What I love about the note is how easy it is to draw. While an a3 paper would have taken me 3 hours to draw a tree, this only took 10(minutes). Everything is so downsized yet so BIG at the same time. Ill say it one more time...ITS ADORABLE. I also tried drawing katniss everdeen but it turned out to be more katshit than anything.
What I hate though is how theres no autocorrect so while im not making awkward word changes, all my texts dont nake any sense. (The amount of backspacing im having to do right now is atrocious)
I also hate how weak the battery is. Im charging my phone Every Night after very moderate use. Which is a shame because I keep thinking about all the radiation thats pouring out at lightning speed. Which probably isnt how it works. Feel free to tell me im not sucking up samsung poison.

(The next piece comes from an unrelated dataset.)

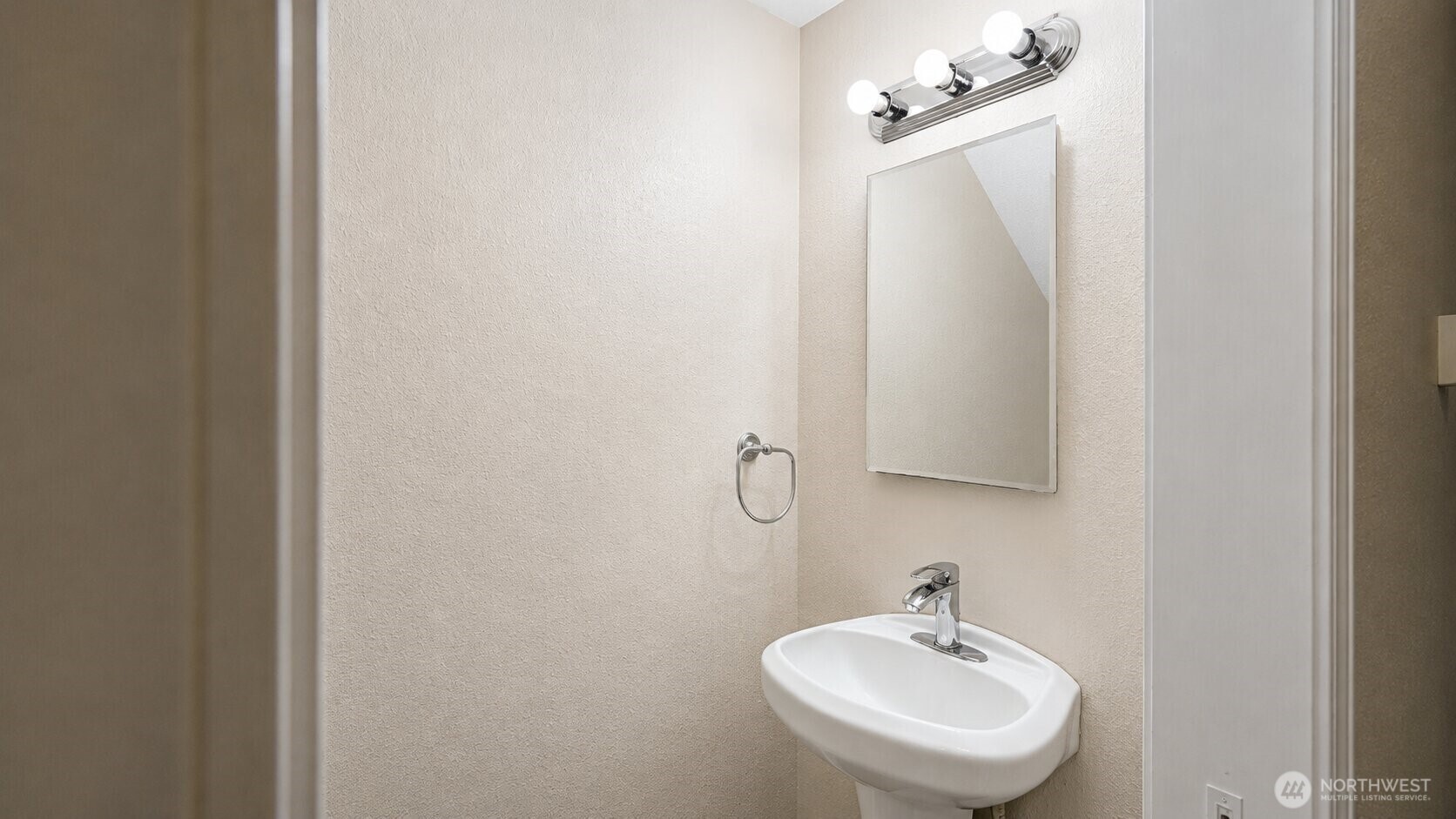 13367 Ambaum Boulevard Property Photo 13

Regardless, I am quite enamoured. Best phone ive ever had. (As you can probably tell cause ive goddamn blogged about it)

Tuesday, March 5, 2013

Nail Polish

I find the fastest remedy for sadness is to paint your nails. Cause it's slathering something over yourself and so you're kind of a whole new person...very very kind of. Like a before and after.
And they look pretty!
I've painted one hand English Rose which is a really nice antique pink. And because I don't remember the last time I attempted to, I've painted my other hand too with Cafè Olè.
I'm using the Essence brand which is a really cheap brand BUT beautiful, petite bottle. It's actually pretty nice. I love the brush cause its shorter and wider so you get nice coverage and it's easier to control. It also dries sooo quickly. Took like two minutes. I hope it doesn't upset me by chipping at the slightest aggravation though.


purple

reminiscing about the times when i tried to catch the falling leaves with my friends. and then we threw her shoe up the tree. 
i miss happiness born from such a simple moment. 

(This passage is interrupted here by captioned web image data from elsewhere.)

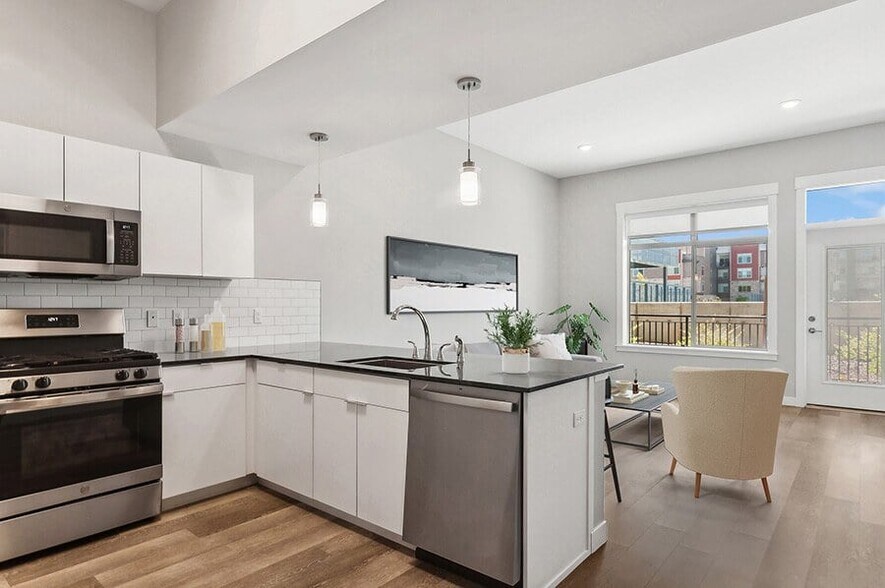 More Photos Of 168 E Midvillage Rd, Sandy Apartments For Lease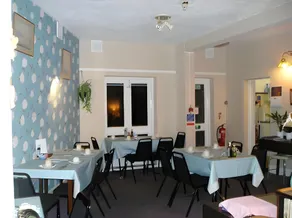 Abbey Lodge Hotel - Image 5
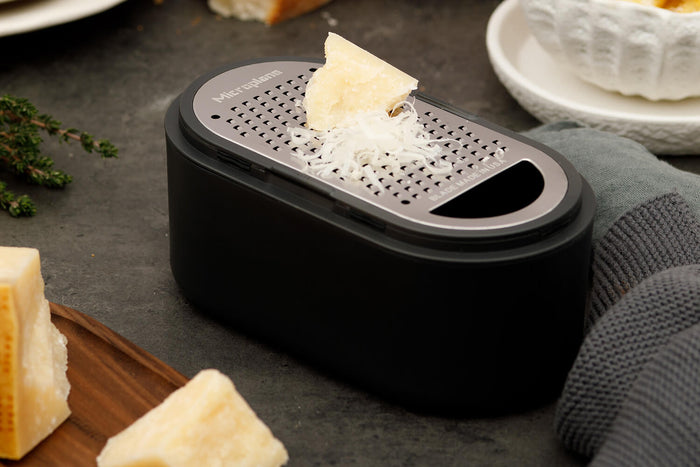 Râpe Microplane 3-en-1 noire avec boîte de conservation et double couvercle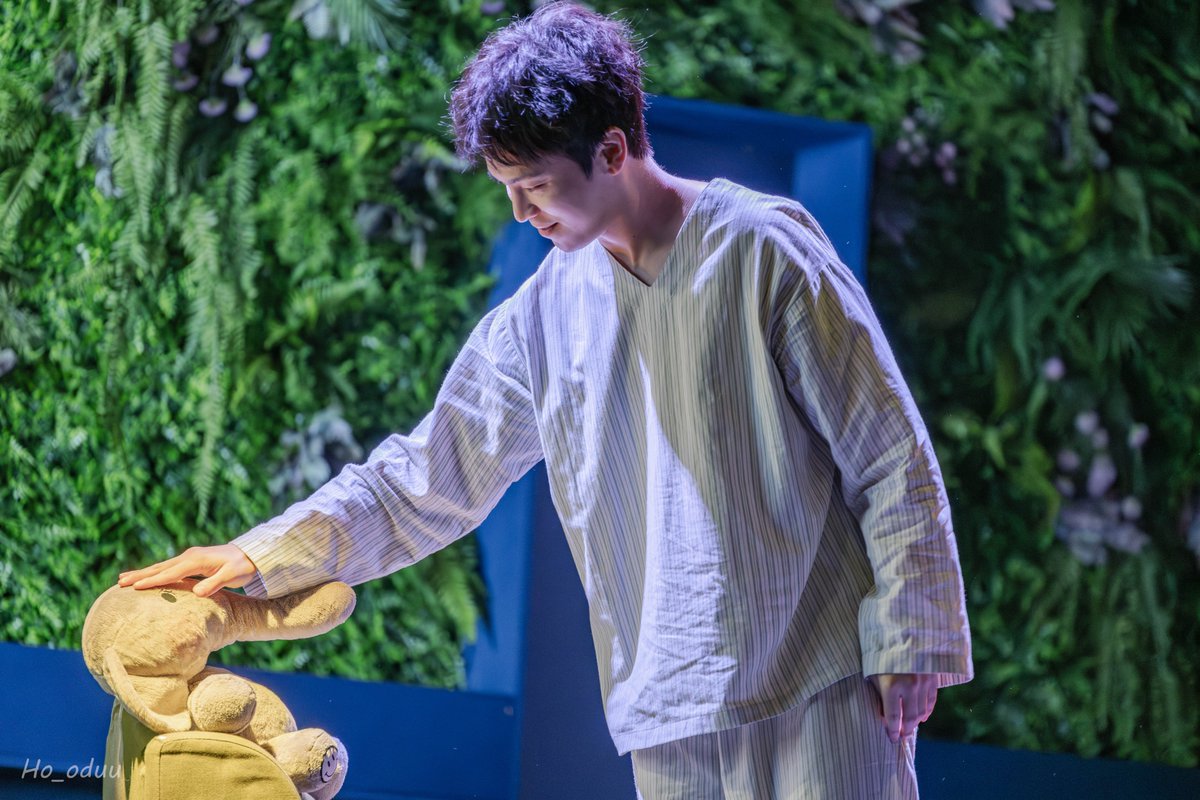 260111 [연극 엘리펀트송] 14:00 낮공       
막공 포토타임     
마이클役 #이재균 배우님
-
얘는 안소니야 평생 소중하게 지켜주렴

now i just expect and want so f*ucking much. its worse cause its not expectations within myself, but my environment. which is hardly controllable unless i go hulk manipulation and sulk. 

i just feel like going into a garden (backyard) and planting a tree. an apple tree. cusae then i can eat apples. we actually had an apple tree. but then my dad cut it down cause it was so ugly. and cast it aside to rot with its fellow leafmates. i could also do with a berry tree. because come on, berries! best flavour ever. i reckon anything thats edible and purple should be tried and tested. food+drink that colour always tastes good. apart from ribena, but ive yet to try it diluted. some examples include:
the purple Sugar (brand) lollies
Mother in Frosty Berry
the purple ones in lifesavers 
the purple ones in mentos
purple jols
purple warheads
purple jelly
taro cake
the grape flavoured starburst jellybeans!
the berry flavoured skittles

my friend is convinced im obsessed with eating the colour purple. but i think i just really like the berry flavour. i bet those all contain the same ingredients but whurrrtevarrrr. i will marry it to my mouth like no tomorrow.

it probably has some placebo effect on my brain, but they all taste absolutely divine! god forbid a purple alcoholic berverage makes its way into my life. 
i hvae eyed the purple MSContin tablet though. jks! im not suicidal. but hands down the most rewarding tablet to look at. 

i WOULD eat grey food, but i dont think that would be a wise choice.